Raporda yer alan tavsiyeler:

Hükümet veya kamu kuruluşlarının Protestan toplumunu ilgilendiren konulardaki çalışmalarında toplumumuzla diyalog halinde olması, önyargıların aşılmasına ve sorunların çözülmesine katkı sunacaktır. Yaşanılan tecrübeler göstermiştir ki, iletişim kanalları açık olduğunda birçok sorun hızlıca çözüme kavuşturulmuştur.

  • Hristiyanlara karşı hoşgörüsüzlük ve nefret suçlarının 2017 yılında da devam etmiş olması üzücüdür. Özellikle şikâyet konusu olan suçlarda, süreç hakkında mağdurların ve toplumun bilgilendirilmesi büyük önem taşımaktadır.
  • Türkiye’de tarihsel olarak kilise binaları bulunmayan Protestan toplumu için ibadet yeri kurma sorunu, yıllardır devam eden ve bir türlü çözüme kavuşturulamamış, dini dışa vurma hakkının temel bir unsuru olarak güncelliğini korumaktadır. Bu konuda acil olarak merkezi ve yerel yetkililerin gereken adımları atmaları gerekmektedir. Hristiyanların da mescit benzeri küçük ibadet yerleri kurabilmelerinin önü açılmalıdır. Belediyeler, Kültür Bakanlığı ve diğer resmi kuruluşlar, ellerinde bulunan ve amacı dışında kullanılan kilise binalarını en azından pazar günleri ve/veya dini bayramlarda kilise cemaatlerinin kullanımına açmalıdır.
  • Kilise derneklerinin yaşadığı sorunlar göz önüne alınarak, özellikle dini yayma ve ibadet konusunda haklarının güvence altına alınması gerekmektedir.
  • Diğer bir tüzel kişilik olarak kiliselerin vakıflaşmasının önü açılmalıdır.
  • İnsan hakları eğitimi çerçevesinde, ilgili kamu görevlilerine din ve vicdan özgürlüğü hakkının içeriği konusunda eğitim verilmelidir.

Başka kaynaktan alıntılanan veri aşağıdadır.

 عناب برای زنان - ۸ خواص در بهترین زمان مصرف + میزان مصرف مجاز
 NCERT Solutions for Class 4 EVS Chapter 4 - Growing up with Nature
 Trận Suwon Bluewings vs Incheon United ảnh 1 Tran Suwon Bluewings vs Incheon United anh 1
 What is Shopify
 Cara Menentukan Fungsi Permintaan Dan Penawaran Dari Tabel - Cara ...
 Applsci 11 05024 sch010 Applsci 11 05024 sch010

  • Milli Eğitim Bakanlığı’nın, Hristiyan ailelerin ve çocukların maruz kaldıkları ve maruz kalma riskleri bulunan sosyal baskıyı ve damgalanmayı göz önünde bulundurarak, şikâyet edilmesini beklemeden, okullarda ve sınıflarda gayrimüslim öğrencilerin haklarını gözetmesi ve okulları muafiyet konusunda düzenli olarak bilgilendirmesi beklenmektedir. Bir arada yaşamaya ve inançlara saygıya dayalı kültürün gelişmesi konusunda temenninin ötesinde adımlar atılmalı ve uygulama denetlenmelidir.

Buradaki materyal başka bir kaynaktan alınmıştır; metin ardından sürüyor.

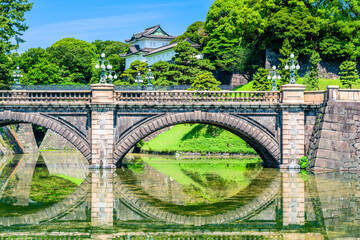 東京　皇居外苑の二重橋（正門石橋）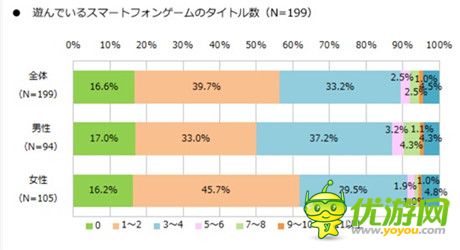 2014年日本手游利用實態(tài)調查報告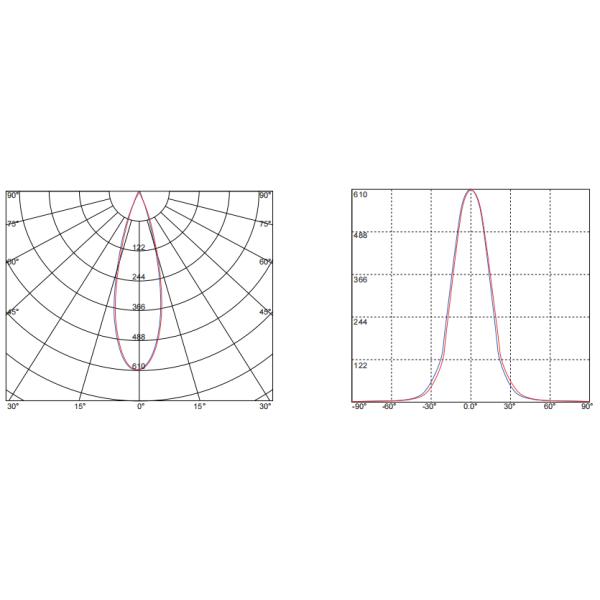 Anti Glare Diameter 23mm Led Lighting Lens 36 Degree For Linear Spot Lamp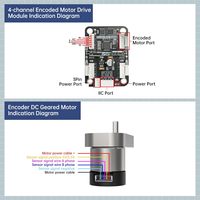 Châssis de voiture intelligente robot entièrement en métal Suspension de moteur à courant continu Encodeur d'absorption des chocs DIY Maker Track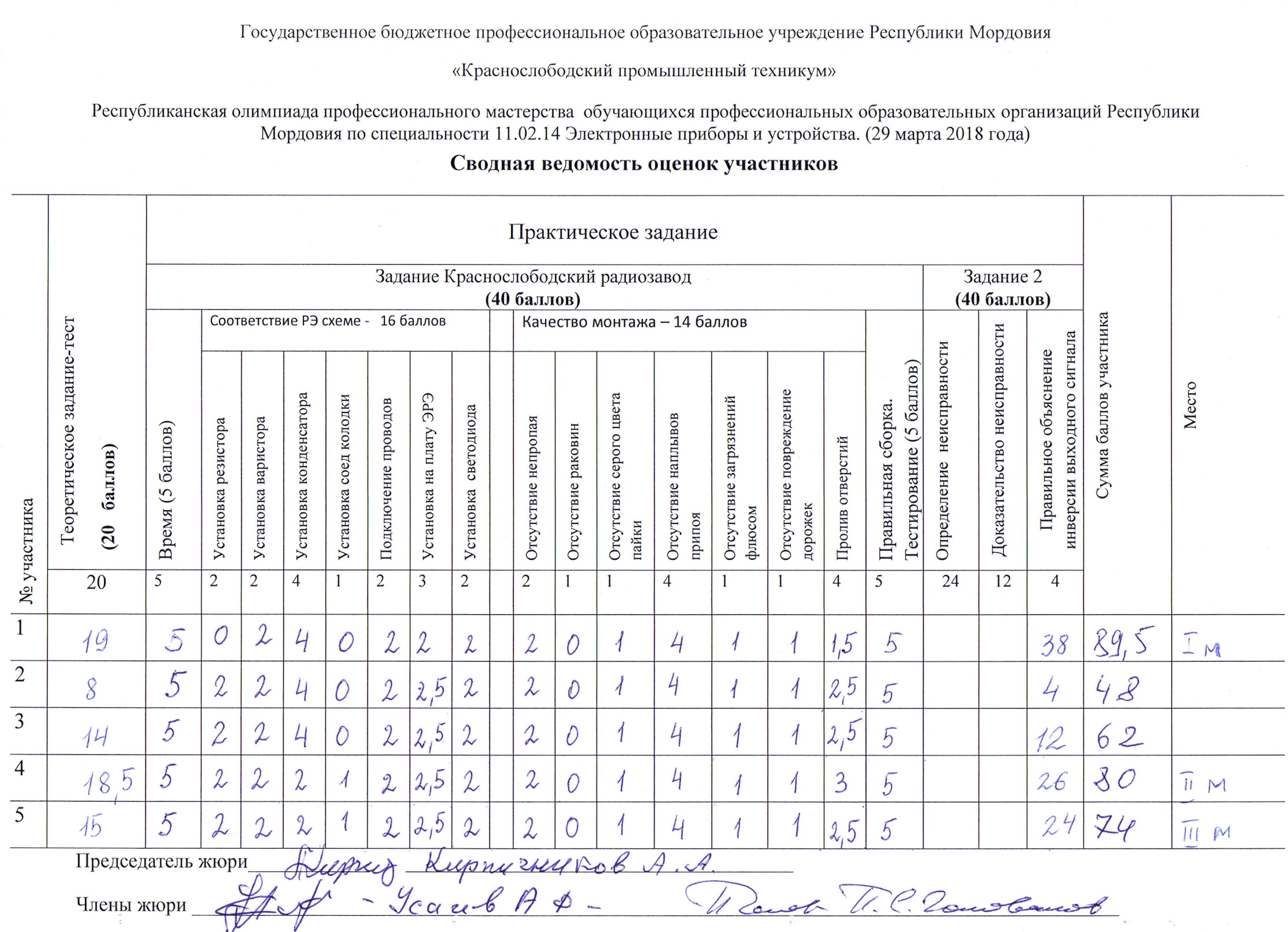 Оценочная ведомость образец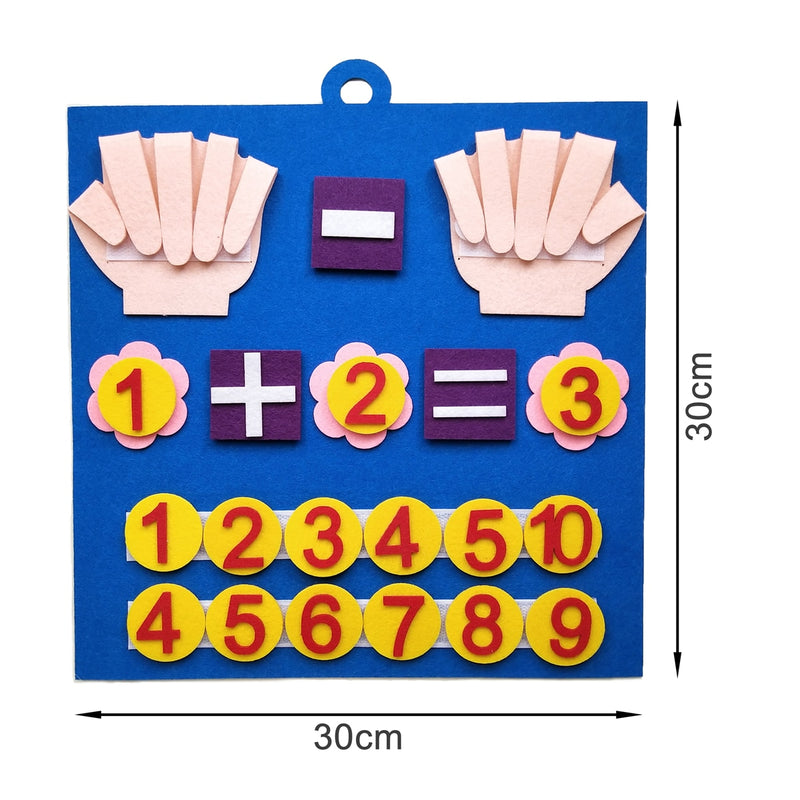 Matemática fácil - Quadro de Apoio Pedagógico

  • Toplum içinde farklı dinlere mensup kişilere karşı anlayış ve bu kişilerin de Türkiye Cumhuriyeti vatandaşı olarak eşit haklara sahip olduğu fikri ve bir arada yaşama kültürü, başta Milli Eğitim Bakanlığı aracılığıyla olmak üzere, merkezi ve yerel yönetimlerce aktif olarak gündeme getirilmeli ve teşvik edilmelidir.
  • İfade ve basın özgürlüğüne saygı çerçevesinde, medyada yer alan hoşgörüsüzlüğe, nefret söylemine, kışkırtmaya ve ayrımcılığa neden olabilecek yazılı ve görsel yayınlar hakkında, hızlı ve etkin bir şekilde denetim mekanizması kurulması gerekmektedir. Adli makamların şikâyet beklemeden nefret suçları ve söylemleri ile ilgili resen harekete geçmeleri sağlanmalıdır.